▶ **Data entries**:
-- Opening Marker --

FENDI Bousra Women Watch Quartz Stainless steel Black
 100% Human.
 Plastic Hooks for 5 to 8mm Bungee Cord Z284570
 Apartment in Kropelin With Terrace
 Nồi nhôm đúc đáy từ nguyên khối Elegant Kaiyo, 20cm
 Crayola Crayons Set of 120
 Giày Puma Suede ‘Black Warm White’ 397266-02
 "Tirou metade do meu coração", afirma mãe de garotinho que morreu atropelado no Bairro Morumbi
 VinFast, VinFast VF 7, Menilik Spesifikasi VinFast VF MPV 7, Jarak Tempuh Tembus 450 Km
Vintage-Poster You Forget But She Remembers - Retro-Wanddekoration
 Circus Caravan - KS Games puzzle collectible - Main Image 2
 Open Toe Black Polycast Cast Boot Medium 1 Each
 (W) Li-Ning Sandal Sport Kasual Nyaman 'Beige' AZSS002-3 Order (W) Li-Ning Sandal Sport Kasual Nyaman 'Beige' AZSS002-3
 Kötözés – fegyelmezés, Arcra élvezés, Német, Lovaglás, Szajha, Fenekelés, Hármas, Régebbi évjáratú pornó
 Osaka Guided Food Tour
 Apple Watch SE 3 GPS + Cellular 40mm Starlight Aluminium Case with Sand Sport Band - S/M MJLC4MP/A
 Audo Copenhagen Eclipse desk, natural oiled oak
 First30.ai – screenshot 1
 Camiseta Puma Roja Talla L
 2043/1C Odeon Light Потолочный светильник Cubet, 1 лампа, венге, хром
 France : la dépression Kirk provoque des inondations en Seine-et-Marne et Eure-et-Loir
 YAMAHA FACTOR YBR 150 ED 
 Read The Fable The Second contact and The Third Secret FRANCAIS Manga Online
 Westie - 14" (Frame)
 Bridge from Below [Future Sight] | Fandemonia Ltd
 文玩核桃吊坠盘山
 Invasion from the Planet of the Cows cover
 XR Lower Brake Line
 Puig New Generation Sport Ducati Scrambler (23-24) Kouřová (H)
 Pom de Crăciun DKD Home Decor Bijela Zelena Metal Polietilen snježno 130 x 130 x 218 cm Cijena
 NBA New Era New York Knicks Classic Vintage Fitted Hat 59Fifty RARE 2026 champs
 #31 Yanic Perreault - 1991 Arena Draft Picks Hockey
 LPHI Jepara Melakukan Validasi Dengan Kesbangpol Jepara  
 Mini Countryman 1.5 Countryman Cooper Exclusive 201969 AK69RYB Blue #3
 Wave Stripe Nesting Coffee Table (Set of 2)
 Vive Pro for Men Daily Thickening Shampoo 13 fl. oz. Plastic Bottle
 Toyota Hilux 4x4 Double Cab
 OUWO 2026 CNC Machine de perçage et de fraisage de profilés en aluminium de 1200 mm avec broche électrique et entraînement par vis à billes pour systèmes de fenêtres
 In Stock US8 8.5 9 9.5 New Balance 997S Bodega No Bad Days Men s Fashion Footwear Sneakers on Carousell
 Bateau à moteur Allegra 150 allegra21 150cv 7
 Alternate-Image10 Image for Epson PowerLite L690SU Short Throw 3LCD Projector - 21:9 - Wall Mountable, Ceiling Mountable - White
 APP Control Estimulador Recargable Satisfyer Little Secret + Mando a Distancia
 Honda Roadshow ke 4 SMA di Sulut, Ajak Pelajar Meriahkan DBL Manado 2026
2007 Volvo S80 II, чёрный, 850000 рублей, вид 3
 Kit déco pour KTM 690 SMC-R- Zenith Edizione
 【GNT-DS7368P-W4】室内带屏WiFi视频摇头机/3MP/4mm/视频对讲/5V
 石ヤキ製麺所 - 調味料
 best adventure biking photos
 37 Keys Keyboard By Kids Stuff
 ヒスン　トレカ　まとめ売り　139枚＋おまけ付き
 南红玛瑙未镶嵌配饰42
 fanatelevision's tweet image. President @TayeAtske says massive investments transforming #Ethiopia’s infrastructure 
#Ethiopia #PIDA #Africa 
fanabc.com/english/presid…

-- Closing Marker --

▶ **THE TASK**: Every line above should be retyped exactly as given.

▶ **WRITTEN REPLY**:
FENDI Bousra Women Watch Quartz Stainless steel Black
 100% Human.
 Plastic Hooks for 5 to 8mm Bungee Cord Z284570
 Apartment in Kropelin With Terrace
 Nồi nhôm đúc đáy từ nguyên khối Elegant Kaiyo, 20cm
 Crayola Crayons Set of 120
 Giày Puma Suede ‘Black Warm White’ 397266-02
 "Tirou metade do meu coração", afirma mãe de garotinho que morreu atropelado no Bairro Morumbi
 VinFast, VinFast VF 7, Menilik Spesifikasi VinFast VF MPV 7, Jarak Tempuh Tembus 450 Km
Vintage-Poster You Forget But She Remembers - Retro-Wanddekoration
 Circus Caravan - KS Games puzzle collectible - Main Image 2
 Open Toe Black Polycast Cast Boot Medium 1 Each
 (W) Li-Ning Sandal Sport Kasual Nyaman 'Beige' AZSS002-3 Order (W) Li-Ning Sandal Sport Kasual Nyaman 'Beige' AZSS002-3
 Kötözés – fegyelmezés, Arcra élvezés, Német, Lovaglás, Szajha, Fenekelés, Hármas, Régebbi évjáratú pornó
 Osaka Guided Food Tour
 Apple Watch SE 3 GPS + Cellular 40mm Starlight Aluminium Case with Sand Sport Band - S/M MJLC4MP/A
 Audo Copenhagen Eclipse desk, natural oiled oak
 First30.ai – screenshot 1
 Camiseta Puma Roja Talla L
 2043/1C Odeon Light Потолочный светильник Cubet, 1 лампа, венге, хром
 France : la dépression Kirk provoque des inondations en Seine-et-Marne et Eure-et-Loir
 YAMAHA FACTOR YBR 150 ED 
 Read The Fable The Second contact and The Third Secret FRANCAIS Manga Online
 Westie - 14" (Frame)
 Bridge from Below [Future Sight] | Fandemonia Ltd
 文玩核桃吊坠盘山
 Invasion from the Planet of the Cows cover
 XR Lower Brake Line
 Puig New Generation Sport Ducati Scrambler (23-24) Kouřová (H)
 Pom de Crăciun DKD Home Decor Bijela Zelena Metal Polietilen snježno 130 x 130 x 218 cm Cijena
 NBA New Era New York Knicks Classic Vintage Fitted Hat 59Fifty RARE 2026 champs
 #31 Yanic Perreault - 1991 Arena Draft Picks Hockey
 LPHI Jepara Melakukan Validasi Dengan Kesbangpol Jepara  
 Mini Countryman 1.5 Countryman Cooper Exclusive 201969 AK69RYB Blue #3
 Wave Stripe Nesting Coffee Table (Set of 2)
 Vive Pro for Men Daily Thickening Shampoo 13 fl. oz. Plastic Bottle
 Toyota Hilux 4x4 Double Cab
 OUWO 2026 CNC Machine de perçage et de fraisage de profilés en aluminium de 1200 mm avec broche électrique et entraînement par vis à billes pour systèmes de fenêtres
 In Stock US8 8.5 9 9.5 New Balance 997S Bodega No Bad Days Men s Fashion Footwear Sneakers on Carousell
 Bateau à moteur Allegra 150 allegra21 150cv 7
 Alternate-Image10 Image for Epson PowerLite L690SU Short Throw 3LCD Projector - 21:9 - Wall Mountable, Ceiling Mountable - White
 APP Control Estimulador Recargable Satisfyer Little Secret + Mando a Distancia
 Honda Roadshow ke 4 SMA di Sulut, Ajak Pelajar Meriahkan DBL Manado 2026
2007 Volvo S80 II, чёрный, 850000 рублей, вид 3
 Kit déco pour KTM 690 SMC-R- Zenith Edizione
 【GNT-DS7368P-W4】室内带屏WiFi视频摇头机/3MP/4mm/视频对讲/5V
 石ヤキ製麺所 - 調味料
 best adventure biking photos
 37 Keys Keyboard By Kids Stuff
 ヒスン　トレカ　まとめ売り　139枚＋おまけ付き
 南红玛瑙未镶嵌配饰42
 fanatelevision's tweet image. President @TayeAtske says massive investments transforming #Ethiopia’s infrastructure 
#Ethiopia #PIDA #Africa 
fanabc.com/english/presid…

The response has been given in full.